Six new objects join Parliament’s Heritage Collections
Parliament has recently acquired six significant objects for its Heritage Collections. Four of the objects were designed by A.W.N. Pugin (1812-1852). They join the collections alongside a small painting by William Dyce (1806-1864) and an architectural model of Westminster Hall.
The objects have been purchased from the estate of Clive and Jane Wainwright. The Wainwrights had a long-standing, personal connection to the Palace of Westminster.
Jane Wainwright worked for many years as Librarian of the House of Commons Library.
Clive Wainwright (1942-1999) was a leading scholar of the work of A.W.N. Pugin, the architect who designed the interiors of the new Palace of Westminster. Clive was also a furniture historian and curator at the Victoria and Albert Museum. In 1994 he produced the landmark exhibition ‘Pugin: A Gothic Passion‘.
Clive undertook extensive research into the history of the Palace’s interiors. Most famously, he was responsible for the rediscovery and return of the State Bed to Speaker’s House in 1984.
The objects acquired include:
Pugin’s Original Drawing Table
Pugin designed this table between the 1830s and 1840s for the preparation of his architectural designs. It is quite low at 160cm which fits with his 5ft 2” stature. It is believed to have been used by him during the execution of his detailed drawings for the Palace of Westminster interiors.
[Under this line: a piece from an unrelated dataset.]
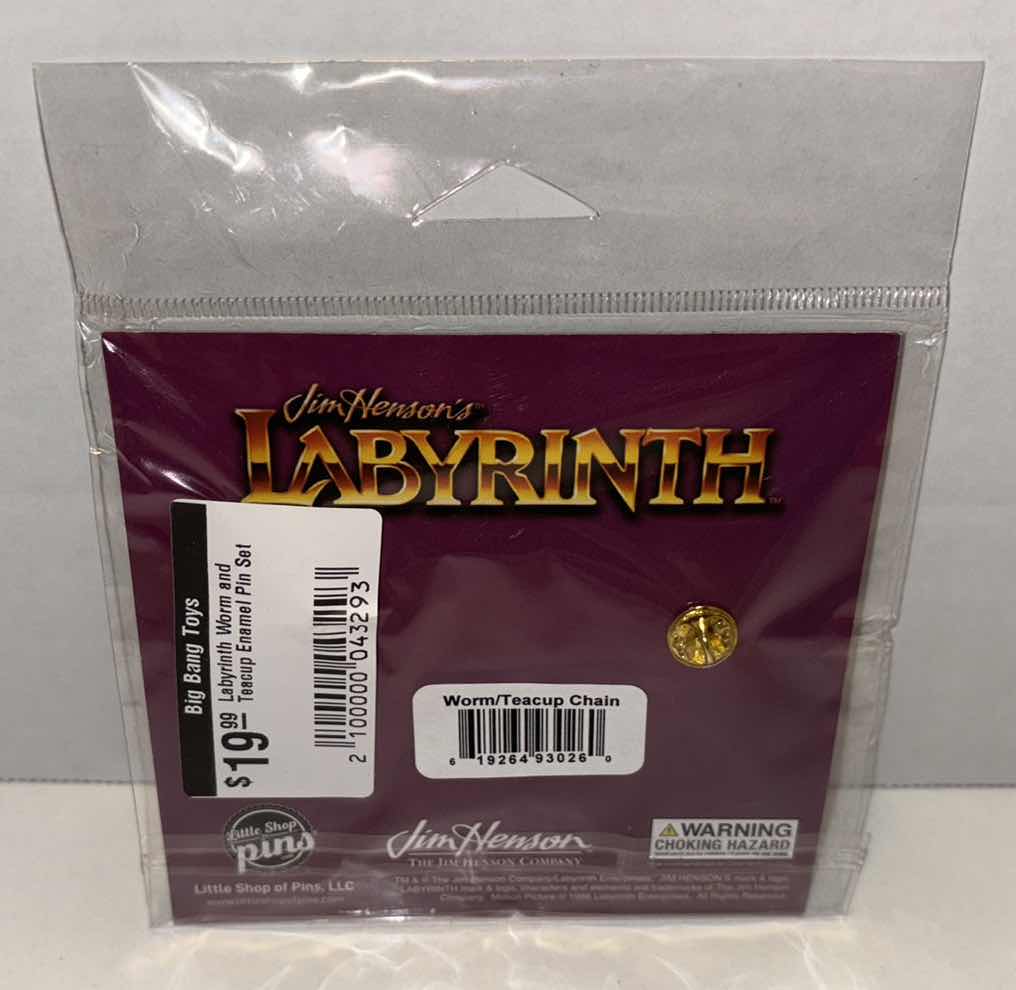 Photo 1 of NEW LITTLE SHOP OF PINS JIM HENSON’S LABYRINTH WORM & TEACUP COLLECTIBLE LAPEL PINS W REMOVABLE CHAINS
Preparatory Sketch by William Dyce
William Dyce was a leading Victorian painter. He was appointed by Prince Albert and the Fine Arts Commission to produce several works of art for the Palace of Westminster. Dyce completed this sketch, entitled ‘Tristan Harping to Isolde’, in 1851. The sketch is part of his preparatory works for his scheme of works in the Robing Room, House of Lords.
House of Commons Portcullis chair
Pugin designed the iconic green Portcullis chair around 1850 for the furniture in the House of Commons. The chairs were originally intended for the Commons lobbies, but the design was later extended for use across the Commons. A version in red upholstery can be found throughout the House of Lords, including refreshment rooms, offices and committee rooms.
This stained-glass panel comprises original elements designed by Pugin. It was manufactured by Hardman and co. The panel is believed to have been reconstructed after their damage in the first world war. The presence of so many ‘VR’ motifs, the royal cypher for Queen Victoria, indicates it likely originated from the original Victorian glazing schemes.
Carved Wooden Panel
This decorative oak panel, likely from the Royal Gallery in the House of Lords, was designed by Pugin and features carved foliage motifs. Its an excellent example of the skilful carving that was used to adorn the interiors of the Palace of Westminster. It showcases the influence of the medieval styles and techniques that inspired Pugin’s work.
Architect’s model of the north façade of Westminster Hall
Created in 1832-33, this intricate model by an unknown maker is made of wood and card. It represents the North façade of Westminster Hall. This representation of the hall was made after the restoration works carried out by Sir John Soane’s in 1810 so it shows the how the façade has evolved over time.